The Institution remained at Usher's Island until 1954. The old headquarters was demolished in 1960, however the front gate and railing remain to the present.

==Current operations==
The charity has three supervisory staff and four project workers, in addition to volunteers, and its services as of 2018 to 2020 include:
- A meal service for the homeless and socially marginalised, offering breakfast, lunch and a light afternoon meal five days a week
- A phone service to provide support and contact for homeless migrants, in English, Russian, Romanian and Polish
- Tutorials in literacy (including teaching of English on a foreign language basis) and computer literacy
- Aid in integration and entry to the employment market
- A workshop facility which makes woodwork and metalwork items for sale at markets and online

A substantial majority of its clients do not have English as a first language, and there are staff supporting clients through Polish, Romanian and Russian.
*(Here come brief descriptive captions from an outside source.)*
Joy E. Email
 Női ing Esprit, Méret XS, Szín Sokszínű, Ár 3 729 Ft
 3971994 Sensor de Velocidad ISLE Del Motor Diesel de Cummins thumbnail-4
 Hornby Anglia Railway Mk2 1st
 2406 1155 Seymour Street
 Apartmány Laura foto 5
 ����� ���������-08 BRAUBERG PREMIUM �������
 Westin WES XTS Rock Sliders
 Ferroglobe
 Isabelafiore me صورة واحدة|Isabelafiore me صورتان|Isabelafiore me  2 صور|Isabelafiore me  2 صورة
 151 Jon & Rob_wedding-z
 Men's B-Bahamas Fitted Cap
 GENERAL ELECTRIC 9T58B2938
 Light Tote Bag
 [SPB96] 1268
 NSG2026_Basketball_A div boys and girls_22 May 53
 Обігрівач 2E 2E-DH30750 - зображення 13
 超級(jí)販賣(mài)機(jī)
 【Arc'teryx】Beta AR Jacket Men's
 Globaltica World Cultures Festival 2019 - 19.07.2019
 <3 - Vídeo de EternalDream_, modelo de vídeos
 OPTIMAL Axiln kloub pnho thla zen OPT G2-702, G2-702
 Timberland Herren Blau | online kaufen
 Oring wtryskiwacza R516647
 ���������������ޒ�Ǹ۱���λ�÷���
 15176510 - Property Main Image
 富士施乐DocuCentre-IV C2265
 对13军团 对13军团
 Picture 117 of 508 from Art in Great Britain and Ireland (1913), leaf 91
Other services which have been offered included a homework club with food service for local children, in 2015.

==Governance and funding==
Some of the projects of the institution receive State support, including the employment support work (Dept. of Justice), while the meal service is supported entirely by donations and the charity's own resources.

The charity has four patrons, the Roman Catholic and Church of Ireland Archbishops of Dublin, and the Deans of St. Patrick's and Christ Church Cathedrals. It is overseen by a Managing Committee and its assets, which include its premises and cash, as of 2018, of almost 3 million euro, reserved for the work of the charity, are secured by a small panel of trustees. It is registered as a charity with the regulatory authorities and the Irish Revenue Commissioners.